__Work order__: From the records that follow, return exactly the lines beginning at the one that contains "Two engineers or" and ending at the one that contains "Living room with", pictures left out.

** Entries shown follows **

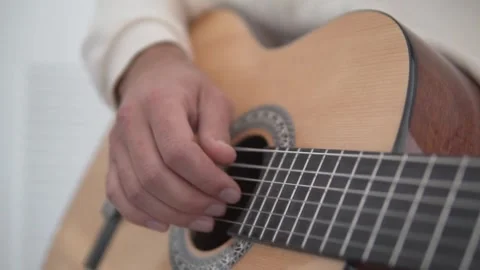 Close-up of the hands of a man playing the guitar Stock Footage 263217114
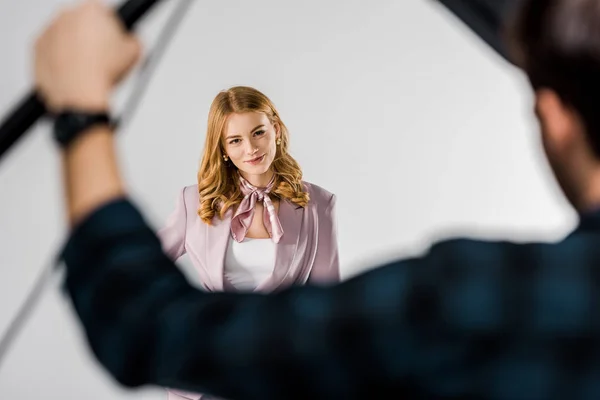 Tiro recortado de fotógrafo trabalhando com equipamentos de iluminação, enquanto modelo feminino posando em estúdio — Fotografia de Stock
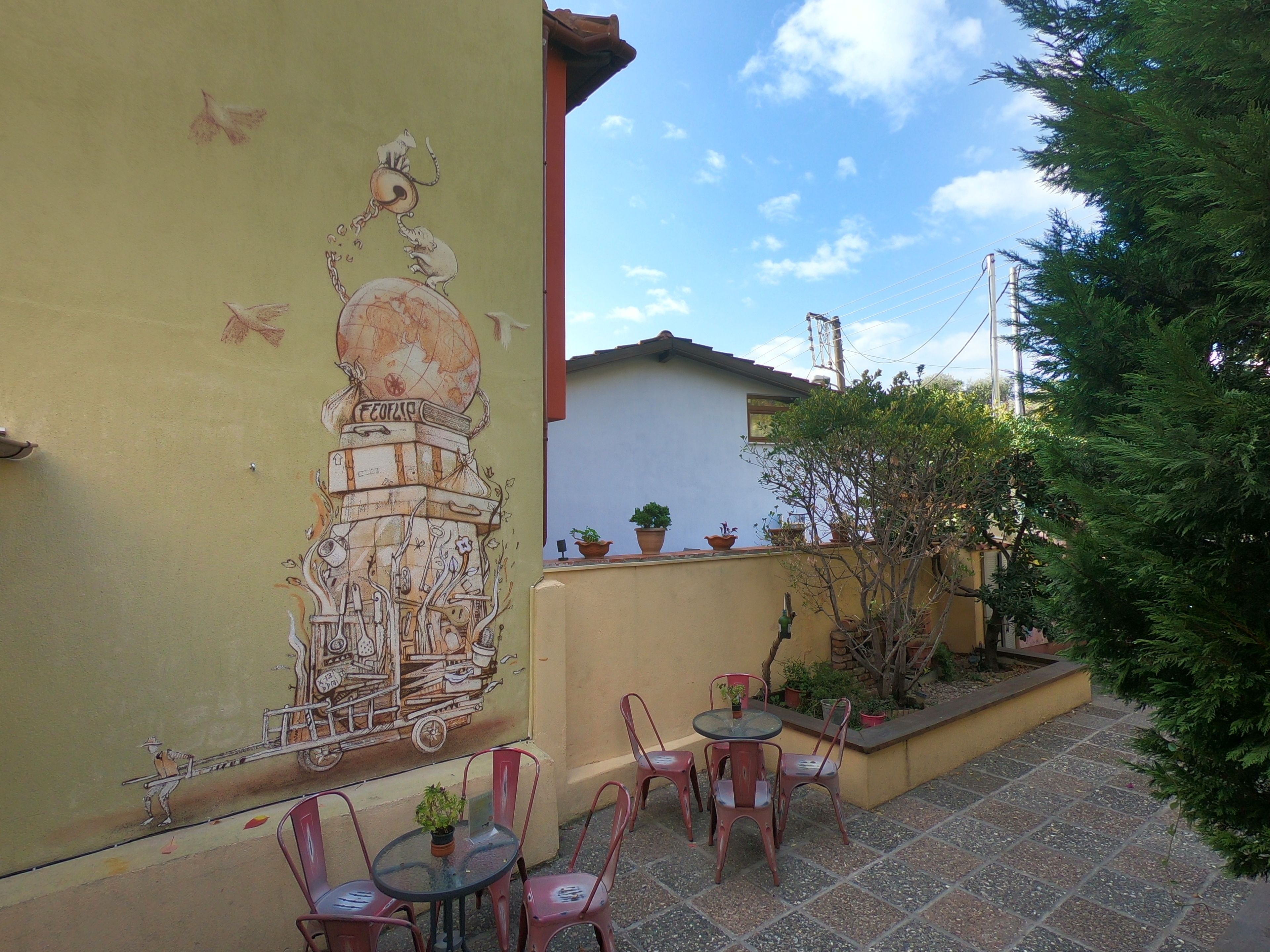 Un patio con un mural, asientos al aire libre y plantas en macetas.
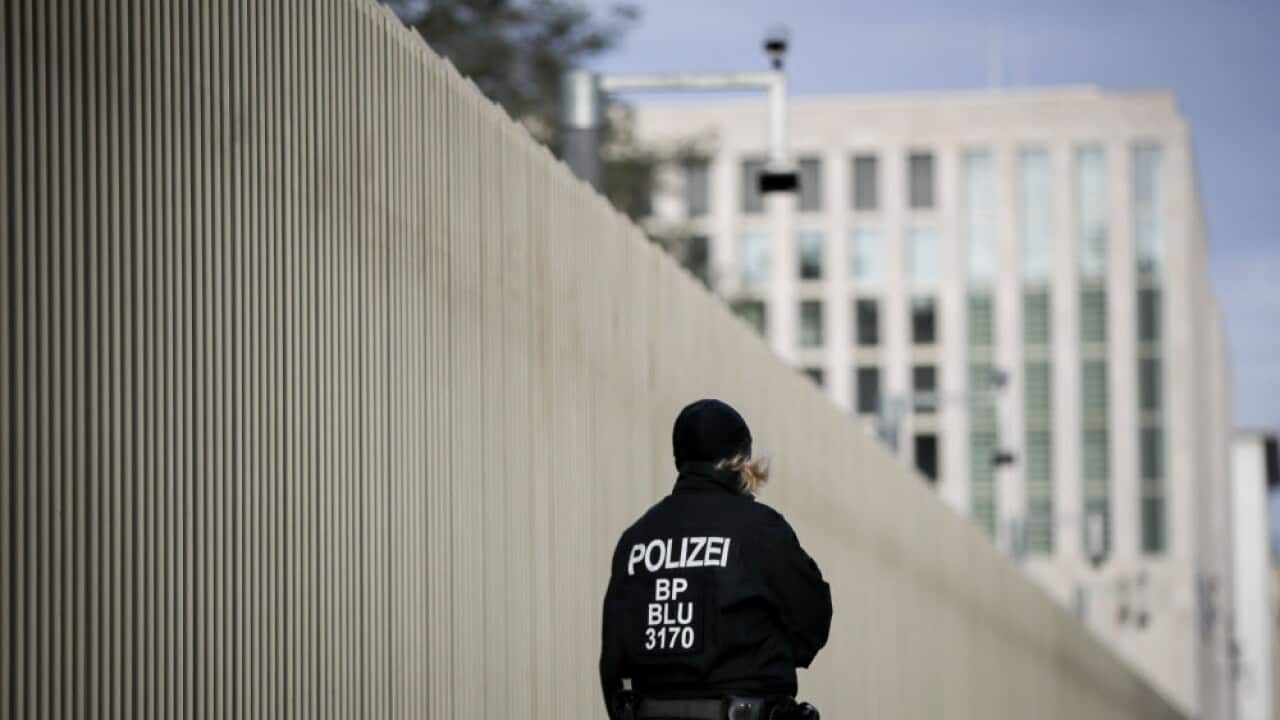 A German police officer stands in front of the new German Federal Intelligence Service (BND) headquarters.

** End of Entries shown **
** Entries shown follows **

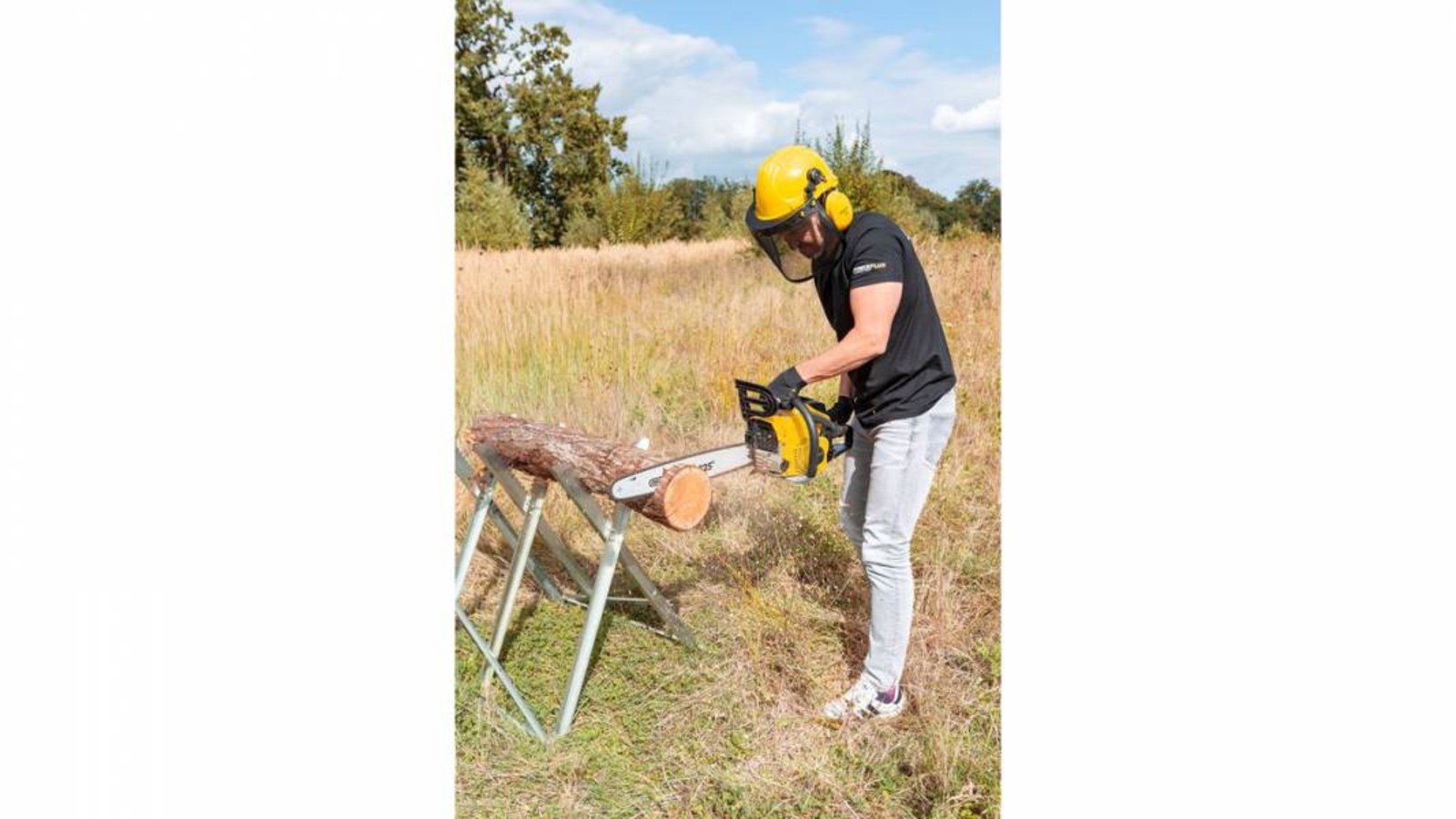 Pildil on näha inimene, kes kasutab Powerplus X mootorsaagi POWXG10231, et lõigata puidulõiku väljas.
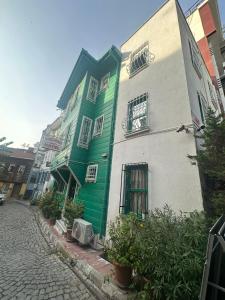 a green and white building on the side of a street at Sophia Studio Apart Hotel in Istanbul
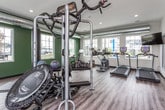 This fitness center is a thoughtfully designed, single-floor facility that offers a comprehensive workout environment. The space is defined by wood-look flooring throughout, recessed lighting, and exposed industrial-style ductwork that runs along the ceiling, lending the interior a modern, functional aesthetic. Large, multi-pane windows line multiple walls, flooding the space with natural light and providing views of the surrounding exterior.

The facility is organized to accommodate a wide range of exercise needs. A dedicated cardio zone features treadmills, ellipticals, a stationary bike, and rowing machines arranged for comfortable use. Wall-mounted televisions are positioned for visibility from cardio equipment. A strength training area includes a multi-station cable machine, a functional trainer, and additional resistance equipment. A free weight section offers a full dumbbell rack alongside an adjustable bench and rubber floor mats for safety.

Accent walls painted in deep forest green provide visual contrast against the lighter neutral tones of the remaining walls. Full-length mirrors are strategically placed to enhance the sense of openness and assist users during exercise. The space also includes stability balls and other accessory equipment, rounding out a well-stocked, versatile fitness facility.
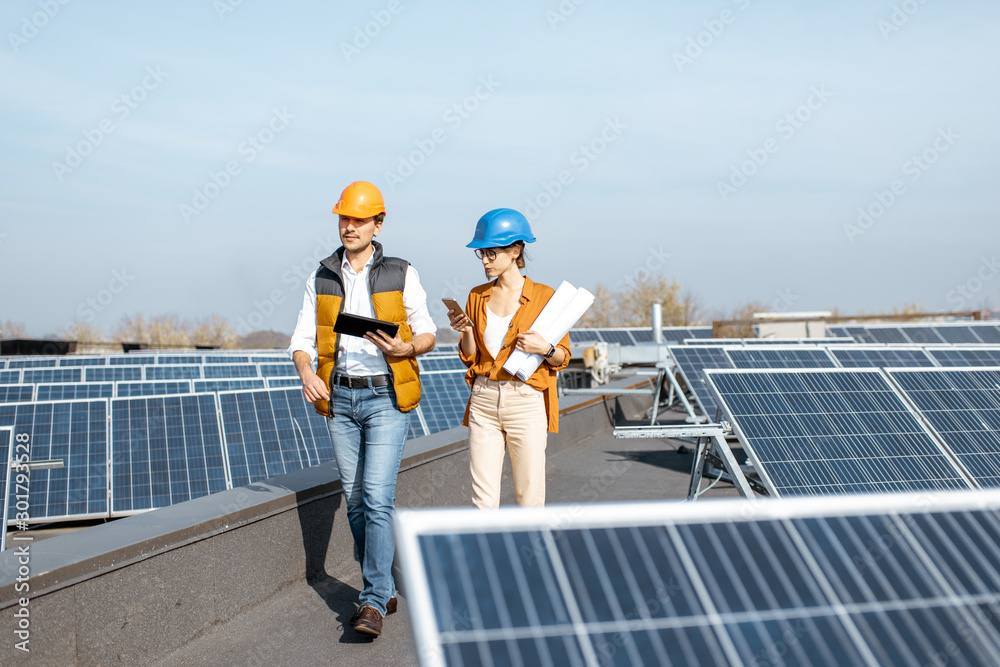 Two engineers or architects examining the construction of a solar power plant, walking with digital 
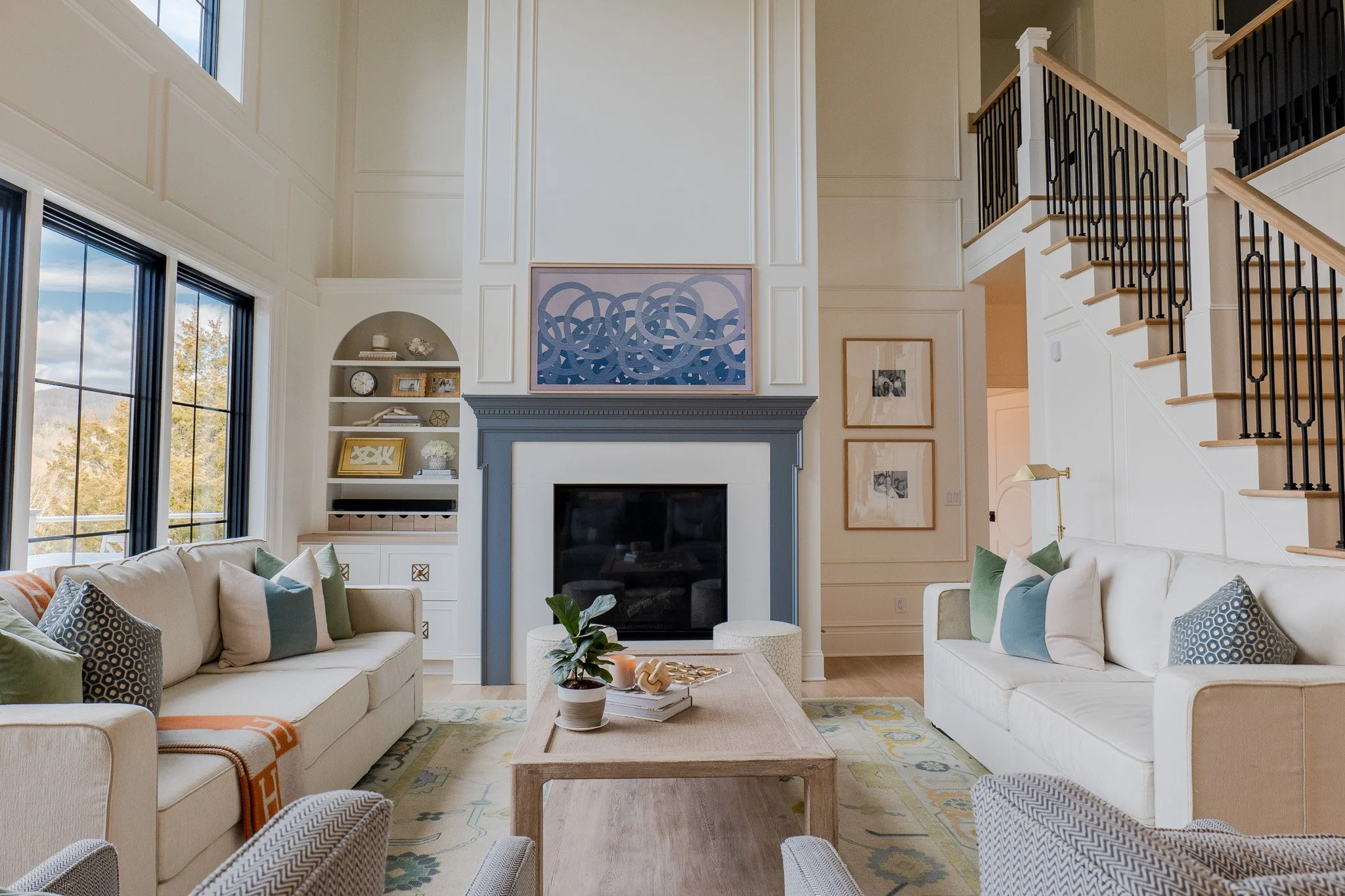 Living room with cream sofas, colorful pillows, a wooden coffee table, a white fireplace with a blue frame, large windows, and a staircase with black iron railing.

** End of Entries shown **

__Response area__:
 Two engineers or architects examining the construction of a solar power plant, walking with digital 
 Living room with cream sofas, colorful pillows, a wooden coffee table, a white fireplace with a blue frame, large windows, and a staircase with black iron railing.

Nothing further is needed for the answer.